Re: Optimization in Mathmatica
- To: mathgroup at smc.vnet.net
- Subject: [mg85023] Re: Optimization in Mathmatica
- From: Ray Koopman <koopman at sfu.ca>
- Date: Thu, 24 Jan 2008 04:44:37 -0500 (EST)
- References: <fn2158$h2p$1@smc.vnet.net>
On Jan 21, 3:54 am, "Ludsteck Johannes" <Johannes.Ludst... at iab.de> wrote: > Dear MathGroup Members, > I want to minimize a function of about 20-30 variables using FindMinimum > and NMinimize. > The objective is a statistical function, i.e. a sum of several thousand > data points. > If the number of Data points exceeds 30000, Mathematica shuts down and > tells me that nout enough memory is available. > My computer has, however, about 2GB available which should suffice for a > problem of this dimension. After some experimentation > I found that the shut down can be avoided by providing two starting > values. Then Mathematica uses the Brent algorithm > which works without derivatives. A further working solution is Nminimize > with option Method->{NelderMead, PostProcess->"KKT"}. > Both strategies are, however, extremely inefficient. I assume that > Mathematica shuts down with other options since it tries to > compute gradients and hessians symbolically. These objects may be huge. > Question: How can I urge Mathematica to do the minimization without > symbolic computations. I searched the documentation but > didn't find detailed information on memory usage in FindMinimum and > Nminimize > > Thank you and best regads, > Johannes Ludsteck > > Probably that is not important for you.
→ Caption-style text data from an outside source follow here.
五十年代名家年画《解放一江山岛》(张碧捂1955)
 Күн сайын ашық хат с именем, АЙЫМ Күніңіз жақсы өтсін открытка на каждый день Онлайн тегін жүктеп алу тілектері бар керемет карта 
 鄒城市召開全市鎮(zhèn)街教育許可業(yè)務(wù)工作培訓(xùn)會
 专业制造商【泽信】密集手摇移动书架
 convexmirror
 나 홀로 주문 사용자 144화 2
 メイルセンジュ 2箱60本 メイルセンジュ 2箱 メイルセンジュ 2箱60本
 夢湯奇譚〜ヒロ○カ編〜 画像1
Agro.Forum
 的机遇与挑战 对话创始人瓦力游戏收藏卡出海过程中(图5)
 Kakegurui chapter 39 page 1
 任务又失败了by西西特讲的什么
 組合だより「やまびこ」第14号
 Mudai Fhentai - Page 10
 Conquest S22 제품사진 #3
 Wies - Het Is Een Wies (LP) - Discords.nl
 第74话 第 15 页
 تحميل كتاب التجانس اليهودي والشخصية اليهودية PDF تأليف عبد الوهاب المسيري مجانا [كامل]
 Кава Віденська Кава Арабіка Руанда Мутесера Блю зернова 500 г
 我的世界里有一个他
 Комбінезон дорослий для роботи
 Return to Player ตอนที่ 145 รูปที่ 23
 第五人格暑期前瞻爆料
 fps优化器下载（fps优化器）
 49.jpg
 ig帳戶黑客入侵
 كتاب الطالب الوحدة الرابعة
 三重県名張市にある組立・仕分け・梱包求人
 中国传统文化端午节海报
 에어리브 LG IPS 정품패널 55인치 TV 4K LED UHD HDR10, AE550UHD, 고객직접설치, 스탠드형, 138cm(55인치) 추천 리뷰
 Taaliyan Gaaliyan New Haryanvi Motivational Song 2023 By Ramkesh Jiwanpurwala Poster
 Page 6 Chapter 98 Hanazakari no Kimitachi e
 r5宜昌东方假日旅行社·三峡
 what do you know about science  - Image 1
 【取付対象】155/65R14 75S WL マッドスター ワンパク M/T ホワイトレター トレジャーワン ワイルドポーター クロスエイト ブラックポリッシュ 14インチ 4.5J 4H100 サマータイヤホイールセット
Nevertheless, here are parts of > my code: > > chi[u_,v_,d_]:=Which[ > d<=-v,u^2-2 u (v+d), > -v<d<u,(u-v-d)^2, > True,v^2+2 v (d-u)]; > SetAttributes[chi,Listable]; > > chiSumPair[y1_,y2_,dx_,b_]:=Total[chi[y1,y2,dx.b]]; > > chiSumTotal[y1_,y2_,dx_,bx_,bd_]:= > Total[MapThread[ > chiSumPair[#2,#1,Map[Append[#,-1]&,-#3],Append[bx,#4]]&, > {y2,y1,dx,bd}]]; > > ... > sol=Last[FindMinimum[chiSumTotal[y1,y2,dx,bx,bd], > Evaluate[Sequence@@start], > MaxIterations->500,Method->"QuasiNewton"]]; Is this some sort of regression problem, with y1 & y2 specifying an interval dependent variable, dx a predictor matrix, and bx & bd a to-be-solved-for vector & scalar, respectively? Will y1 & y2 always be positive?